Foursquare are not stupid. They know that the location game has not turned out in quite the way everyone thought it would, as it seems that using location based services is still the reserve of a minority group of people, that are die-hard fans. But while Foursquare’s future might not be in location based services from a pure gaming or social aspect, they have still built up a valuable location-based platform that can be adapted to keep up with the way in which people use location based services. In March they announced they were launching their push notification API, and as Denis Crowley recently tweeted, this is now set to launch:
Their Twitter moment
This move essentially turns Foursquare into a platform much like Twitter – where they are providing the data and the tools and invite other people in to come and create the magic. By introducing a push notifications API, it allows developers to create different apps that can make use of notifications without having to rely on the ‘check in’ model, which is pretty much dead by now. In practice this means things like notifying you when a friend is in a nearby coffee shop, or making use of locations you frequent such as your local shop and sending you a notification that you’re out of milk.
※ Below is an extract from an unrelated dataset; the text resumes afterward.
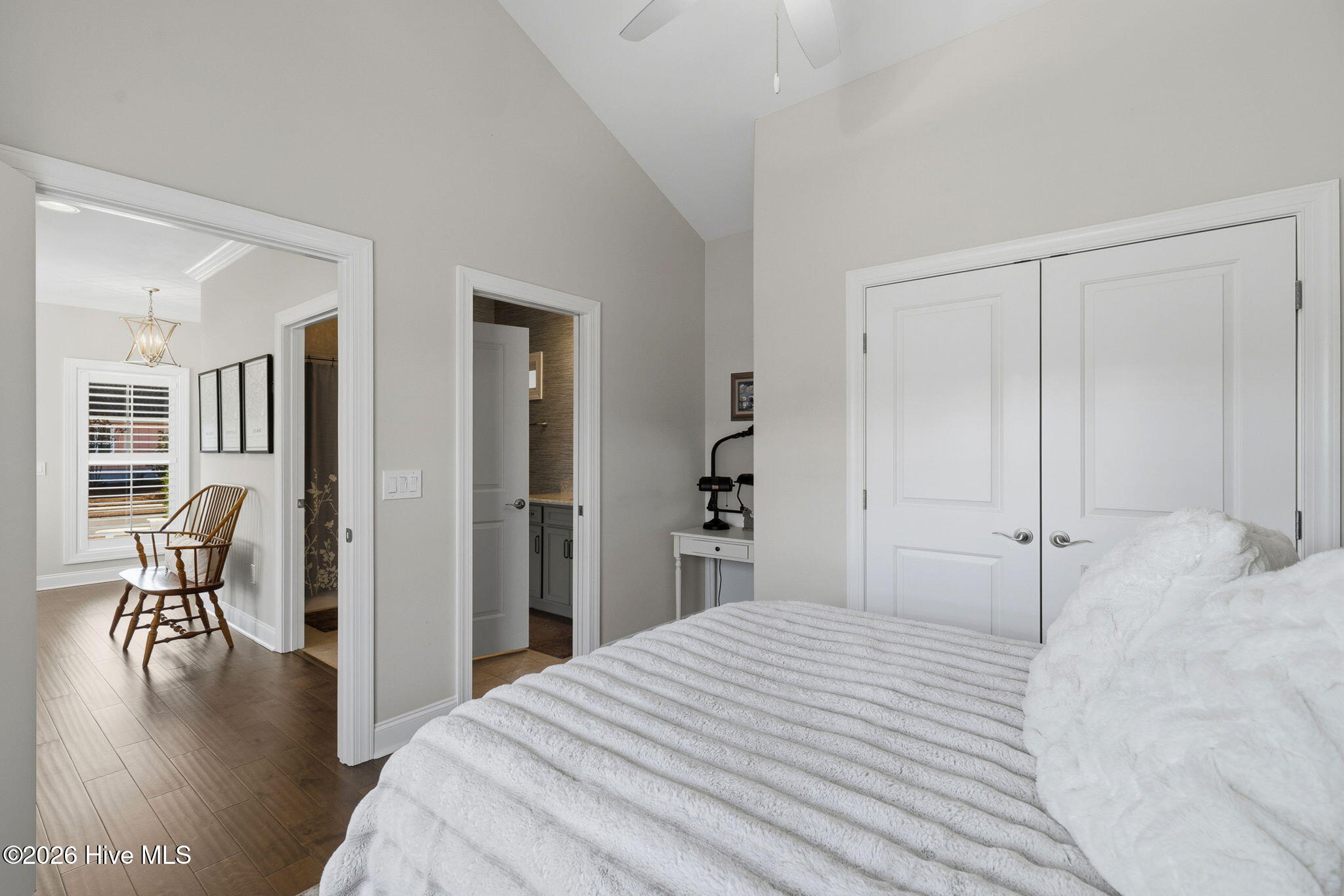 100554353 | Photo 39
It’s what location based services have needed for a while, if they are to really succeed : the power of crowdsourcing knowledge through an open API and enabling location apps to not just be something that you use if you happen to remember, but allowing it to become more prominent and actually add value to you, instead of being simply game-based.
Beyond buying milk
There are some obvious uses for the new push notification API that add little quirks to the service currently, but the fact is that location needs to be radically overhauled if it is to really take off or add any meaningful value to users. The opportunities have now opened up massively and it is really Foursquare’s last hope if they are to be a relevant service for people. And this means working with businesses in a big way. Location is about the establishments that I would check into and every shop, bar, hotel that I enter is a potential social action for Foursquare, if they can offer me something that can really add to the experience. Do I want an app that tells me which of my friends are in there too? Not really – and checkin is already dying because of this limitation.
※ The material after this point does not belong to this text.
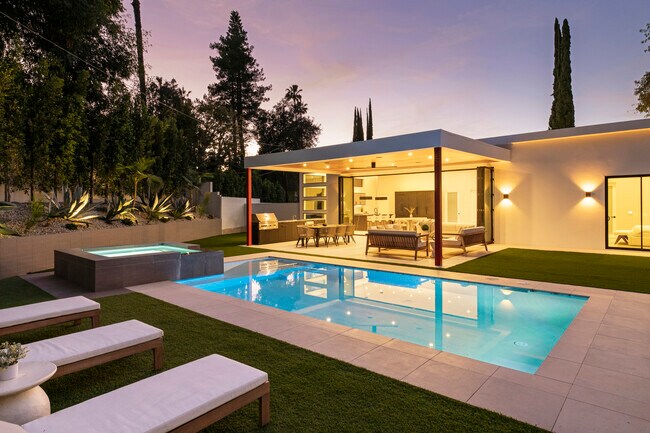 Building Photo - 22020 Alizondo Dr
But what I do want is something that socialises the experience of walking into a coffee shop in as seamless a way as shopping via Amazon can do via the Like button or Connect. The truth is that location has to be as simple as possible for me to use. I kind of don’t want to have to even think about it, which is what Foursquare are trying to achieve with the push notification API. But beyond that it has to give me a reason to want to continue getting these notifications, because they’re adding something so utterly brilliant to the process of walking down a street that I won’t know how I managed to do it without these notifications.
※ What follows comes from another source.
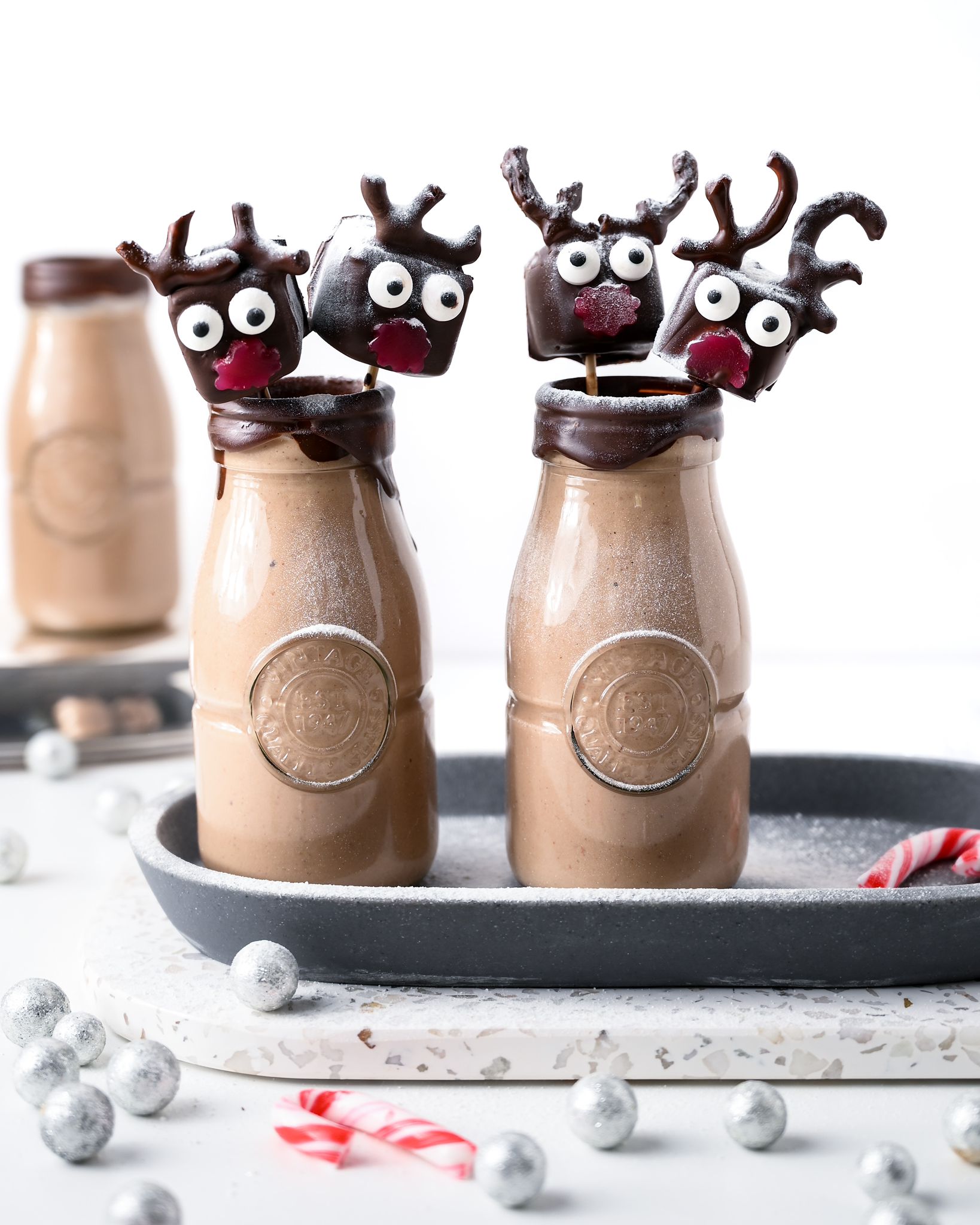 CHOCOLATE REINDEER SMOOTHIE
If anything is going to save Foursquare or change location services signficantly enough to bring them into mainstream, this is likely to be it. Now it’s about getting businesses on board, gathering smart data and providing a invaluable experience that people actually want.
Death of the checkin
One thing is for sure with this move from Foursquare, and that is that the checkin is pretty much officially dead. Facebook have all but scrapped it, Foursquare are shifting focus and now Gowalla are moving beyond the checkin. In a recent talk at Techcrunch Disrupt, CEO of of Gowalla Josh Williams, announced that they were looking beyond the checkin, to become more of a social tourist guide. The focus will now be on travel, so I can go to a different city and instantly find out which of my friends have been there, and which places they recommend. Social guides will now play a prominent part in the app, pushing checkin to the side. Whether this is enough alone to save location services is still uncertain, but it’s moving in the right direction – stepping away from gamification or location for the sake of it, and providing value to users that they can’t get elsewhere.